Actor Morgan Freeman reignited debate over whether Black History Month is necessary when he called the observance "ridiculous" on national television.

"You're going to relegate my history to a month?" Freeman asked in an interview broadcast on"60 Minutes" in December."I don't want a black history month. Black history is American history."

Some African Americans agree that the observance belittles black history. But most prominent African Americans and historians say Freeman's thinking is wishful -- the reality is that black history isn't being taught and that trumpeting it, even for the shortest month of the year, is the best alternative.

"Without Black History Month, we wouldn't think about our history at all," said Tony Muhammad, a Nation of Islam minister in Los Angeles who does about 80 speaking engagements about black history from Kwanzaa through February each year."Every culture needs its identity.
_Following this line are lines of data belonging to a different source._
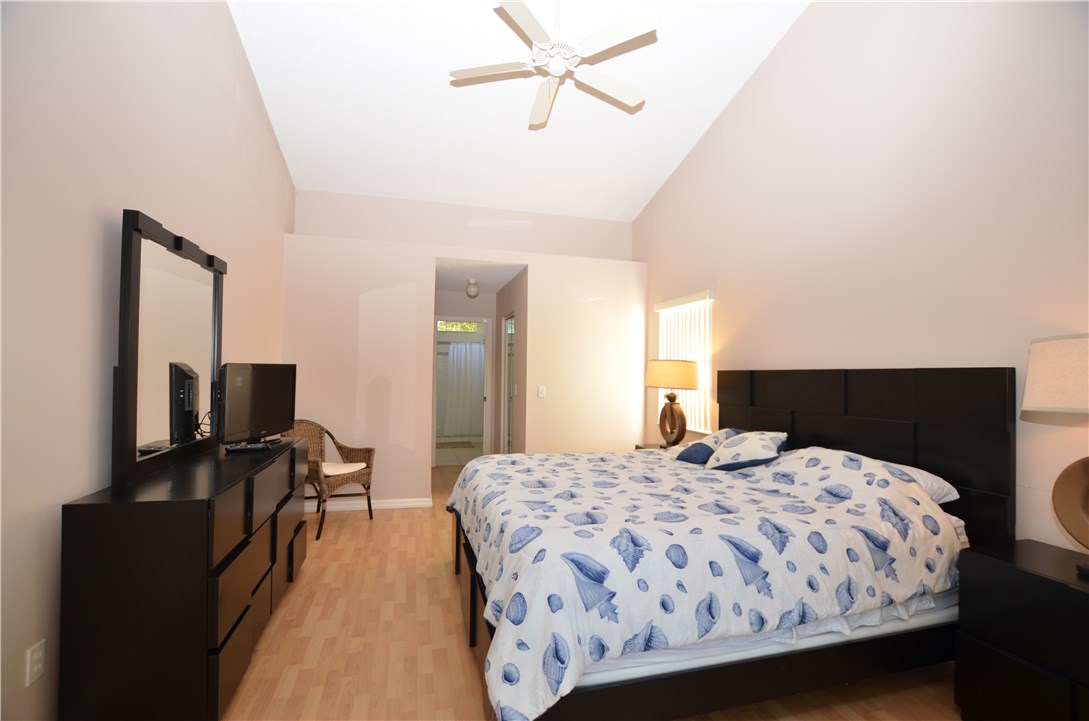155 Midvale Terrace Sebastian, FL 32958 - Photo 13 of 16 a bedroom with a bed and a flat screen tv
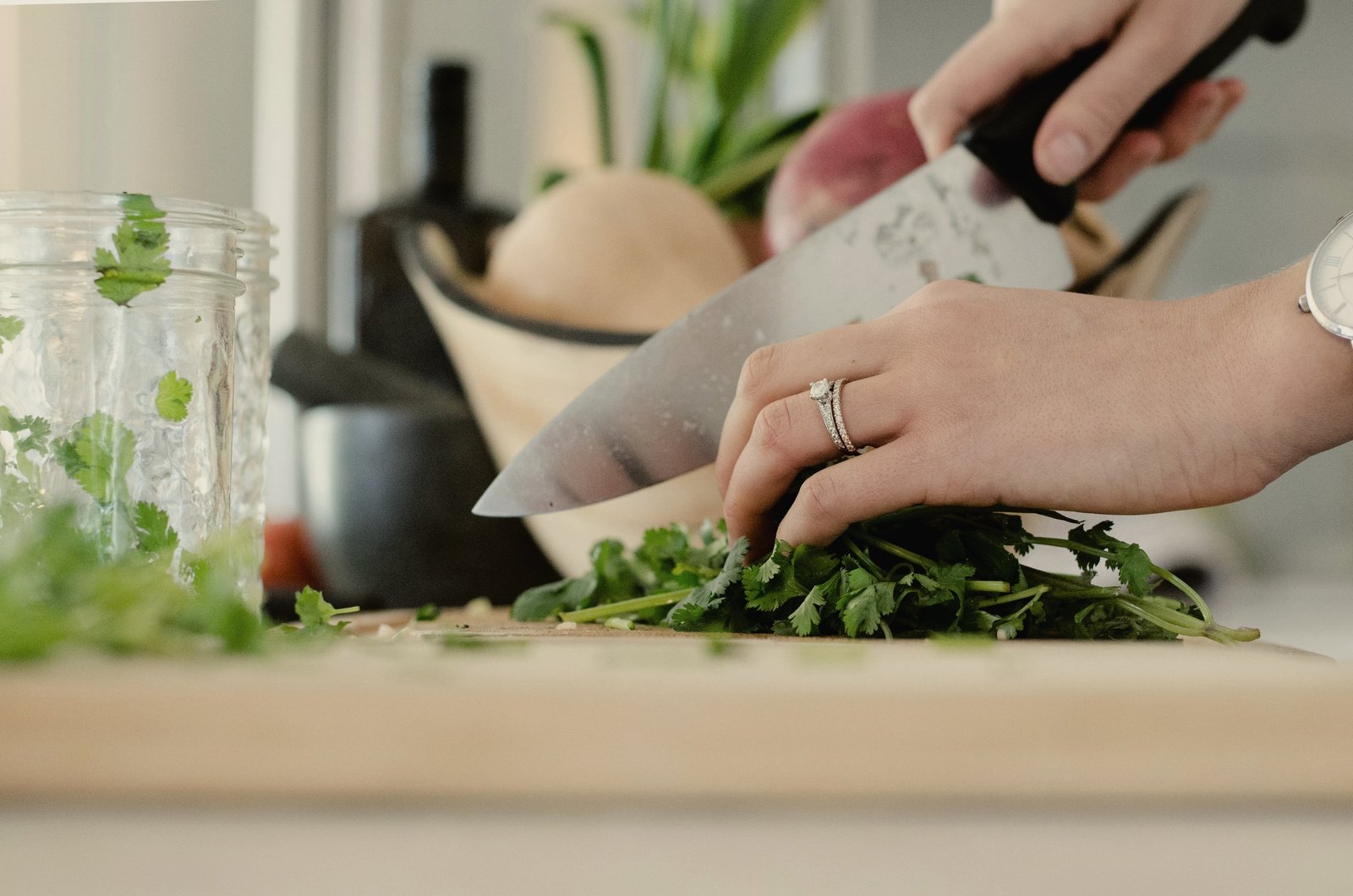 Chopping fresh herbs on a wooden board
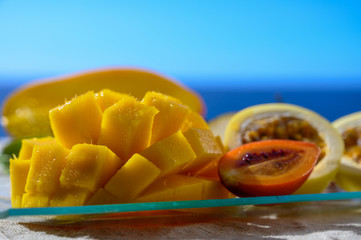 Exotic fruits, fresh ripe sweet yellow mango and passion fruits served on glass plate with blue seaview background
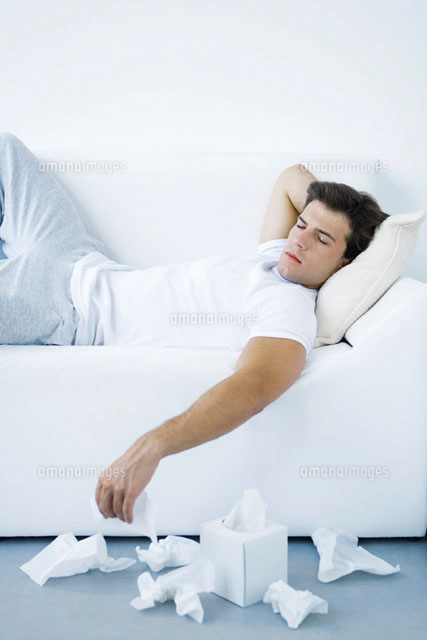 Man lying on sofa,discarded tissues on the floor
(c)Alix Minde/PhotoAlto
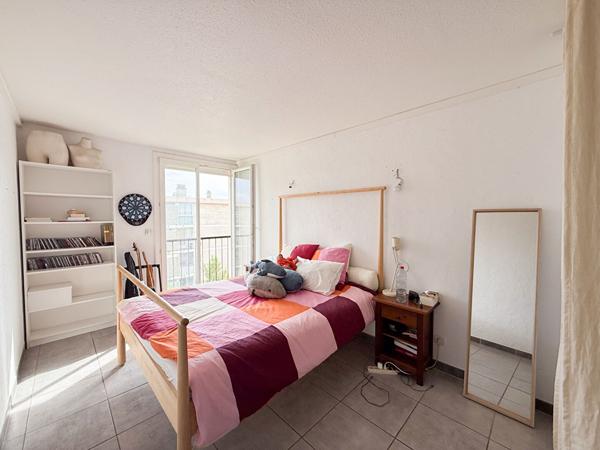 Marignane - À vendre : Appartement T3/4 à Marignane avec une cave et une place de stationnement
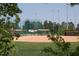 Well-maintained baseball field with green grass and a secure fence, perfect for sports enthusiasts at 3128 Mountain Hill Dr, Wake Forest, NC 27587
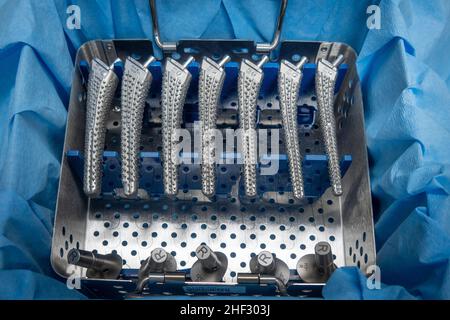 some surgical rasps for a transfemoral prosthesis lie in an instrument ...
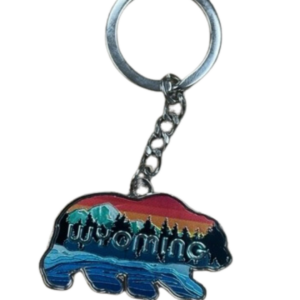 Bear shaped keychain, design is word Wyoming in front of nature scene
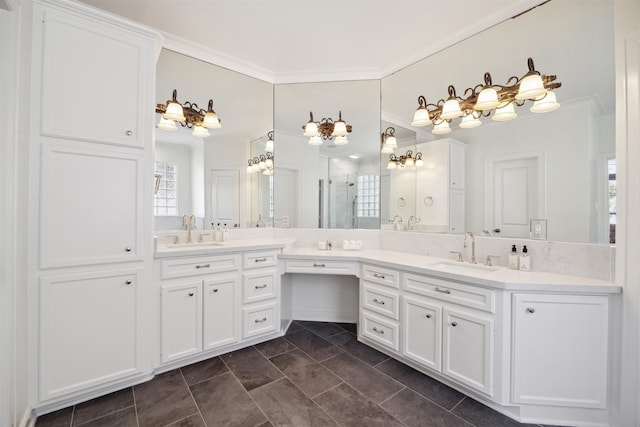 bathroom with vanity, a shower with shower door, and ornamental molding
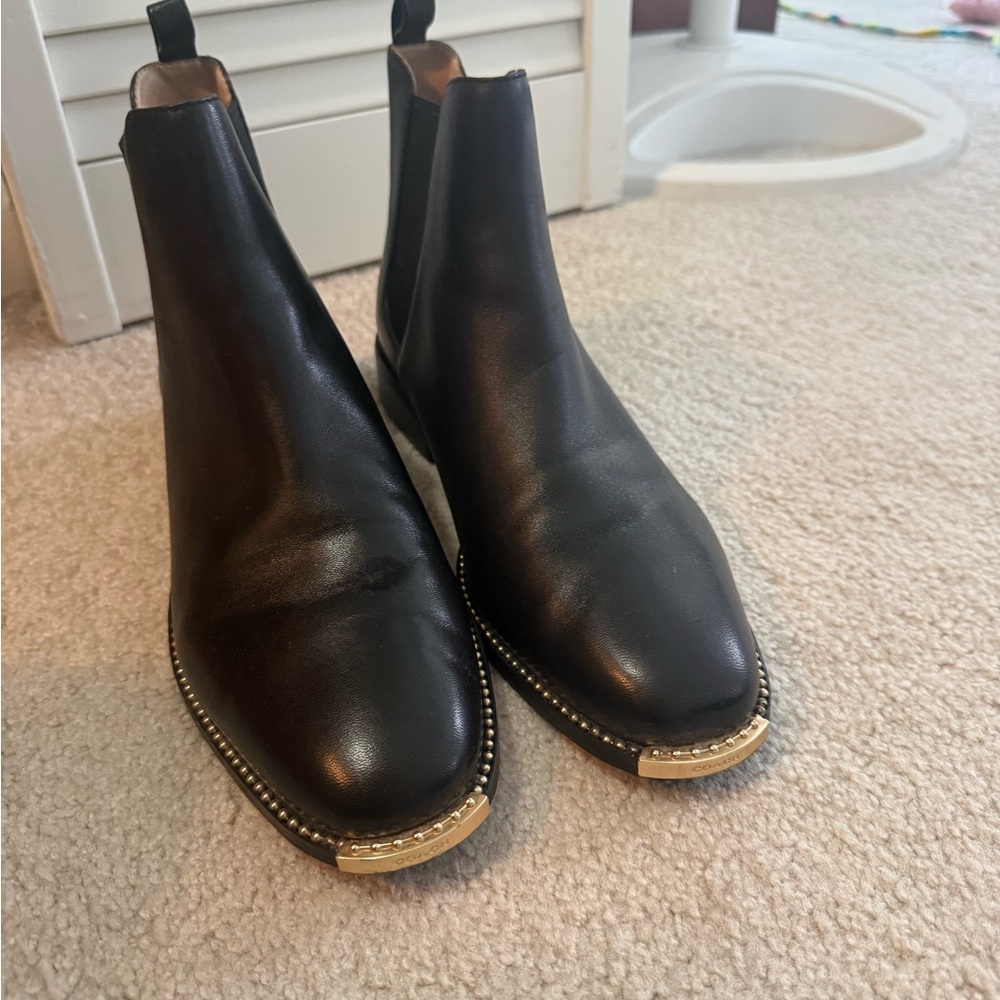 Coach Black Leather Ankle Boots with Gold Accents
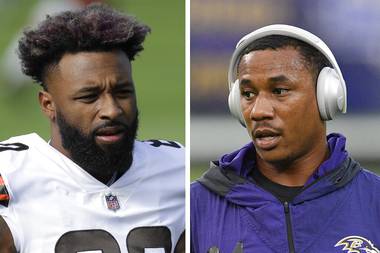 At left in a Dec. 6, 2020, photo, Cleveland Browns wide receiver Jarvis Landry warms up before an NFL football game against the Tennessee Titans in Nashville, Tenn. At right in a Sept. 28, 2020, photo, Baltimore Ravens cornerback Marcus Peters warms up before an NFL football game against the Kansas City Chiefs in Baltimore. Browns wide receiver Jarvis Landry called Ravens cornerback Marcus Peters “a coward” for appearing to spit at him during Monday night’s, Dec. 14 game. A video taken from the national TV broadcast shows Peters spitting in Landry’s direction at the end of the first quarter.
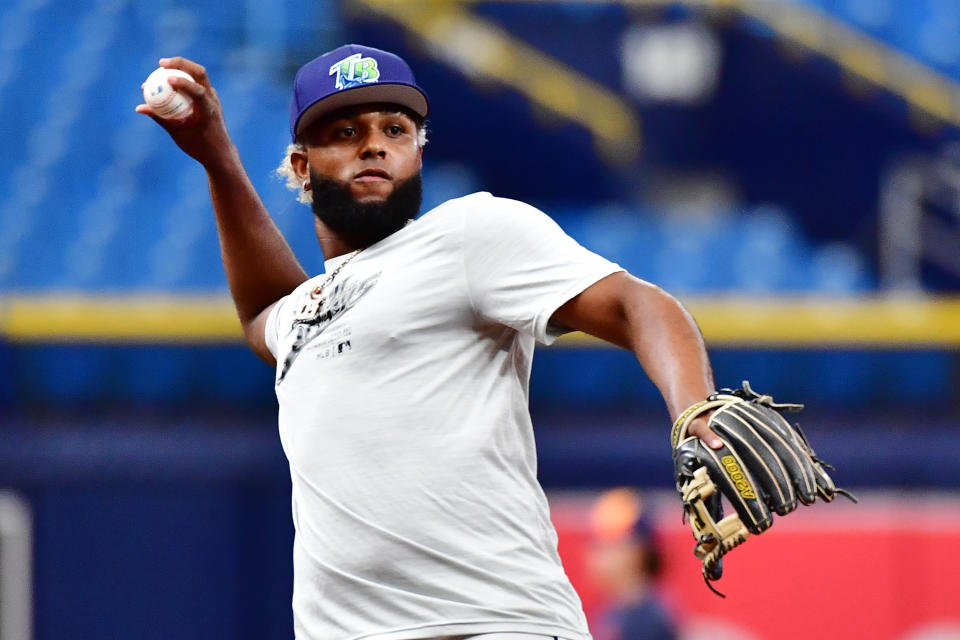 ST PETERSBURG, FLORIDA - AUGUST 13: Junior Caminero #13 of the Tampa Bay Rays fields a ball during batting practice prior to a game against the Houston Astros at Tropicana Field on August 13, 2024 in St Petersburg, Florida. (Photo by Julio Aguilar/Getty Images)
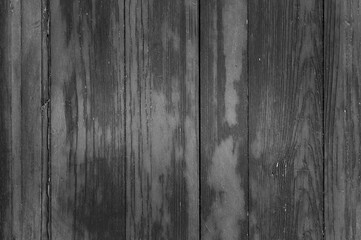 The photo shows the texture of old gray wooden boards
We should better use the month to tell the truth of our history and what black people have given to the world ... instead of leaving it to the Europeans."

Black History Month began as Negro History Week in 1926. Historian Carter G. Woodson picked the second week of February to mark the birthdays of Abraham Lincoln and iconic abolitionist, orator and former slave Frederick Douglass.

In 1976, after supporters lobbied federal officials, the week was expanded to the entire month during the nation's bicentennial celebration.

Woodson didn't expect the celebration to last forever.